Records for this task Block Start

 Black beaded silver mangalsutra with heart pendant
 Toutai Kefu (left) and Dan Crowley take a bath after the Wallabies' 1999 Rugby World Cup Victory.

Records for this task Block End
Records for this task Block Start

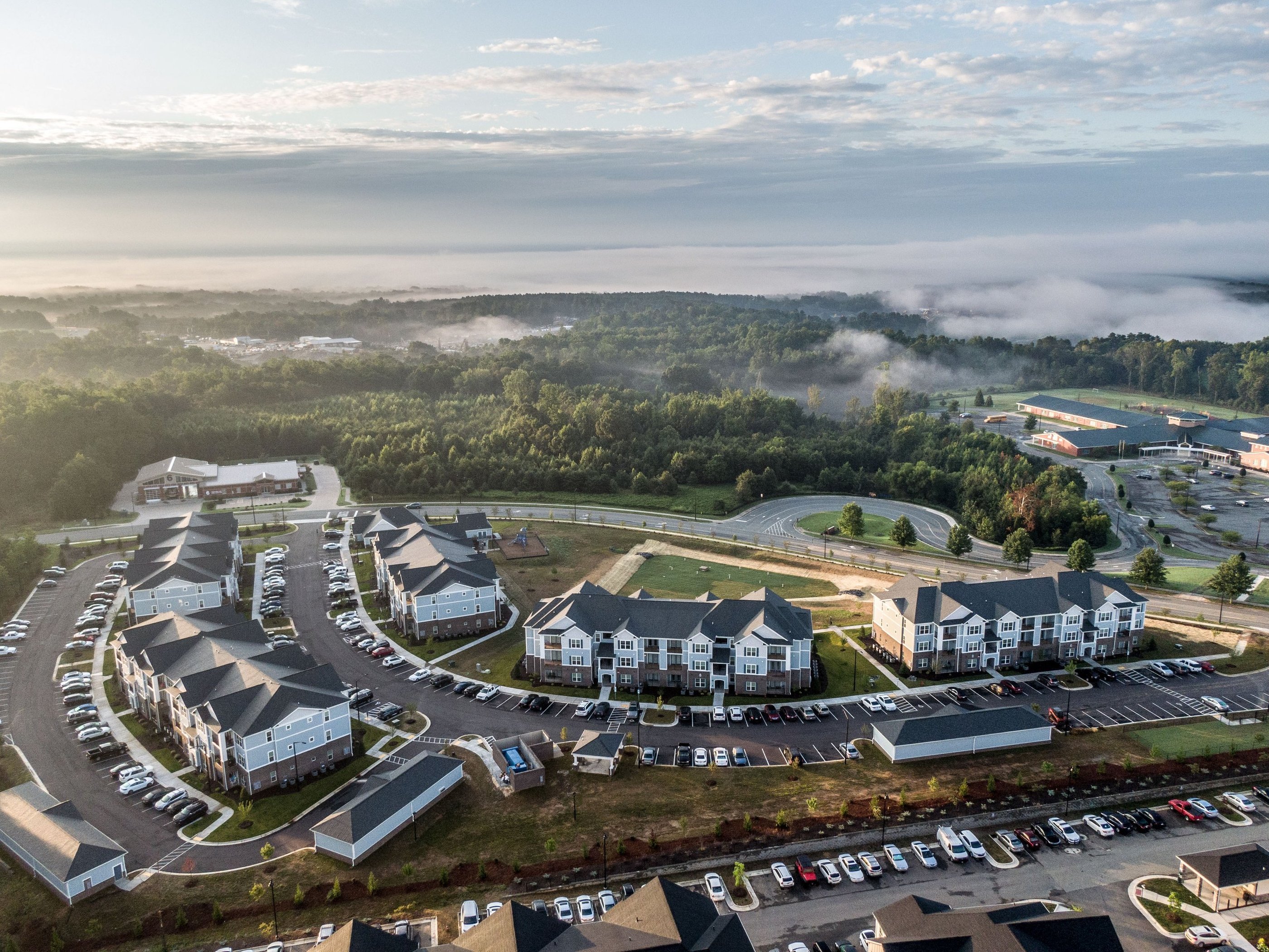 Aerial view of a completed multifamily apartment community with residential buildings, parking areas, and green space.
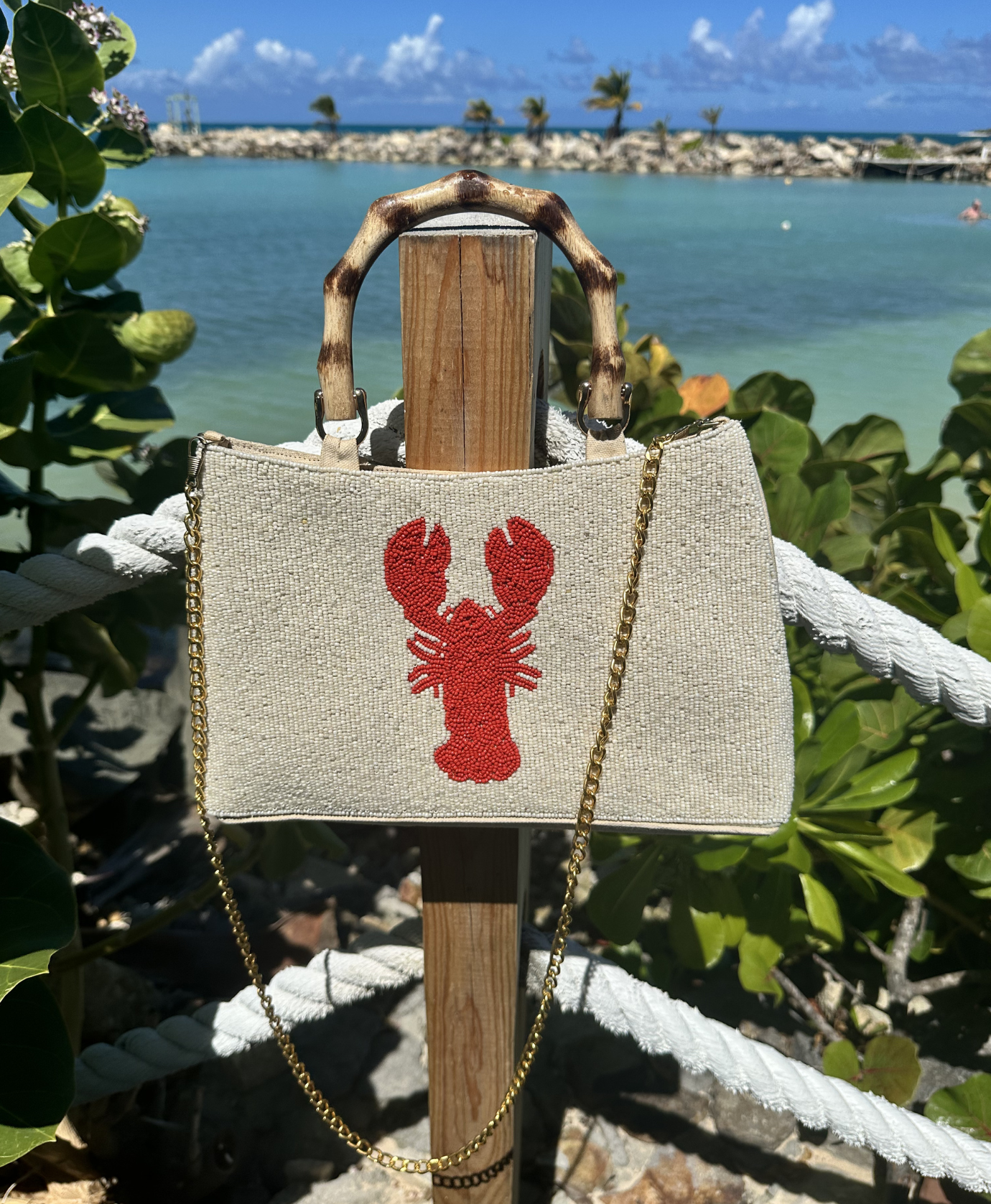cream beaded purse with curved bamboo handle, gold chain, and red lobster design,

Records for this task Block End

● **Task description**
Within the listing above, give again exactly every line from the line with "Black beaded silver" through the line with "Toutai Kefu (left)", both included, and no other line.

● **Solution**
 Black beaded silver mangalsutra with heart pendant
 Toutai Kefu (left) and Dan Crowley take a bath after the Wallabies' 1999 Rugby World Cup Victory.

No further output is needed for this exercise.